So the Greeks tell a tale of a king named Lycaon (they actually tell about 20 variations of this story, but here is the one I'm going with), who had a family with such a reputation that Zeus had to come down and check it out. When Lycaon got news that Zeus would be joining him for dinner he went through great pains in planning dinner, after all, what do you feed a god? He finally settled on cooking up one of his servants and serving this to Zeus. When Zeus realized what he was being served, he was so angry that he turned Lycaon into the worlds first werewolf.
So what does that crazy story have to do with anything? Well, none of us would cook up another human if we were preparing a meal for the one true God, but I wonder, what do we serve Him? Oh, of course none of us would have God over for dinner and say, "hey, there's some leftover pizza in the fridge, help yourself," but what do our actions say? In my life, what am I giving God? Am I giving Him the best, or the leftovers?
I found Francis Chan's Crazy Love to be very inspiring. In one chapter, Serving Leftovers to a Holy God, he talked about this idea. God not only deserves our best, He demands it! Don't believe me? Ask Cain, he can tell you all about what God will and will not accept. But we are so blessed that we often forget the God who blesses us, or simply give to Him out of a sense of guilt or obligation. God does not want your afterthoughts, He does not want your leftovers (let's be honest, who gets excited at the prospects of leftovers?). God made this clear to His people in the days after the Babylonian exile. "You offer blind animals in sacrifice, is that not evil? And when you offer those that are lame or sick, is that not evil? Present that to your governor; will he accept you or show you favor? says the LORD of hosts." (Malachi 1:8).
But we would never do this, right? We never let bills, busy schedules, forgetfulness, sports, family, or anything else get in the way of giving God the service He deserves, do we? We may not be perfect, but we are doing something, that's got to count, right? "Oh that there were one among you who would shut the doors, that you might not kindle fire on my altar in vain! I have no pleasure in you, says the LORD of hosts, and I will not accept an offering from your hand." (Mal 1:10)... maybe not. It sounds like God is saying He would rather have no service than poor service.
Maybe the reason why our service is lacking is because our understanding is lacking. In sociology, Lawrence Kohlberg introduced three stages of moral development:
1. The Pre-conventional Stage. In this stage we know that there are something we should and should not do. We avoid the things we should not do because we do not want to be punished, we do the things we should do because we want to be rewarded. This is the lowest stage of development, yet this is where most Christians are in their understanding and relationship with God. Most of us converted out of fear of hell and continue out of a desire for heaven; it's a start, but no place to stay.
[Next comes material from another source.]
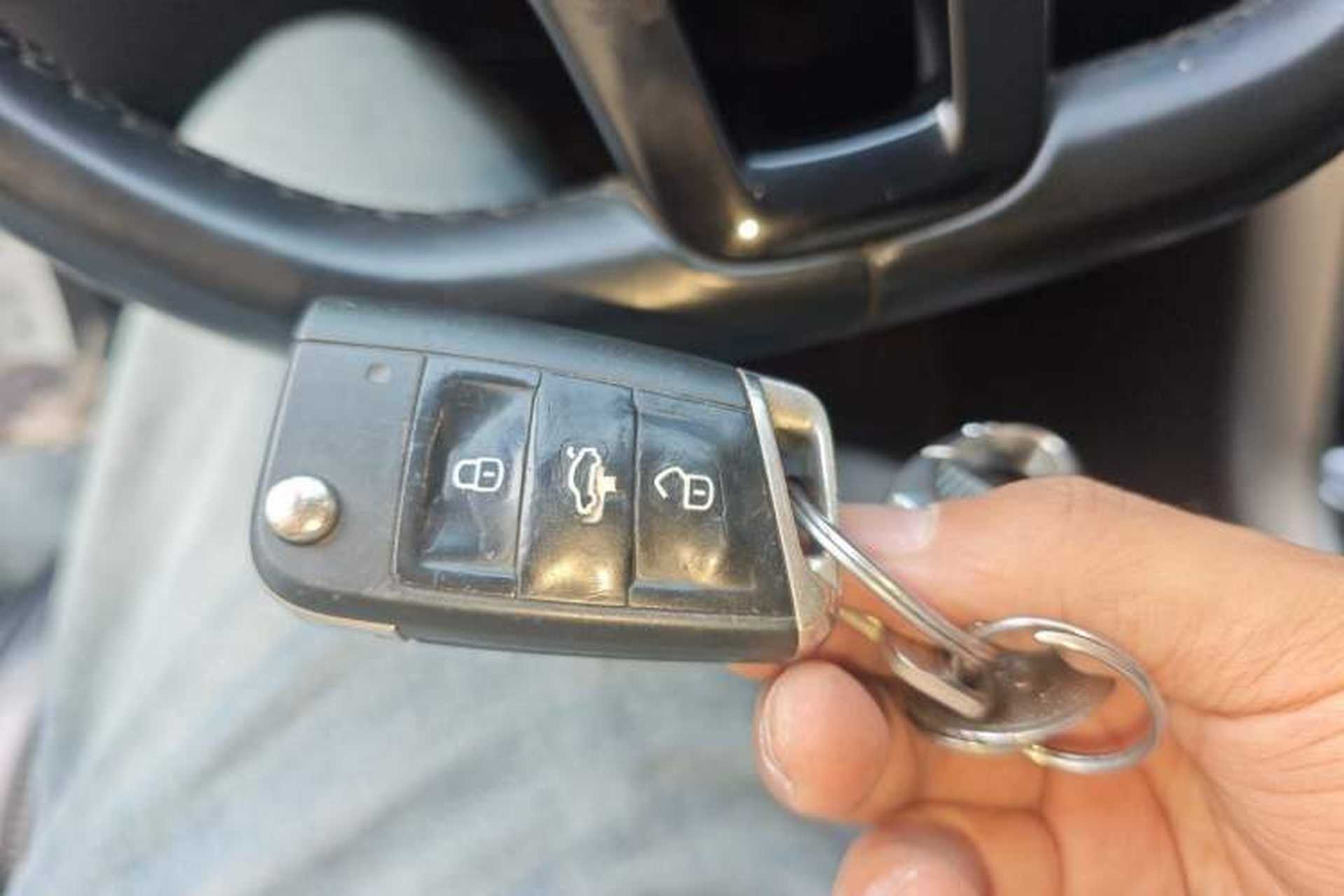 Used Volkswagen T-ROC 2022 280TSI DSG Two-Wheel Drive Elite PLUS Vehicle Key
2. The Conventional Stage. In this stage we have grown to understand that we should do certain things because they are expected of us, and because they are important to those who expect them of us. We avoid the things we are expected not to do for the same reason. As Christians this is when we learn that it is about more than heaven or hell, it is about giving God what He asks because He expects and deserves it, and we do not want to hurt and disappoint God by failing.
3. The Post-conventional Stage. In this stage we realize that we obey laws and norms because they benefit the world at large, and disobeying them harms others and is understandably wrong. Few Christians reach this point, the point where your name can replace love in 1 Cor. 13:4-8, because you love others because it helps them and glorifies God. You serve God because it glorifies Him and you realize that your purpose is to glorify Him. You learn to genuinely hate sin because it harms you, others, and your God, and nothing could be farther from your desires than hurting God or those He so loves.
Perhaps we fail to serve Him properly because we have forgotten who He is, and what He has done. We forget that God made the universe, with all its countless galaxies.
We forget that God made one celled organisms, too small to see with the naked eye, but just as complex as a galaxy.
We forget that Christ has the right to demand anything from us, because He gave up everything for us.
Have this mind among yourselves, which is yours in Christ Jesus, who, though he was in the form of God, did not count equality with God a thing to be grasped, but made himself nothing, taking the form of a servant, being born in the likeness of men. And being found in human form, he humbled himself by becoming obedient to the point of death, even death on a cross. (Philippians 2:5-8)
Are you willing to say to God "everything I have is Yours, my possessions, my will, my life, my all, I put everything in Your hands."
As Christians we must give of ourselves until all that can be seen in us is Christ. That is the kind of service, the kind of sacrifice that God deserves. Don't give God your leftovers, give Him your all.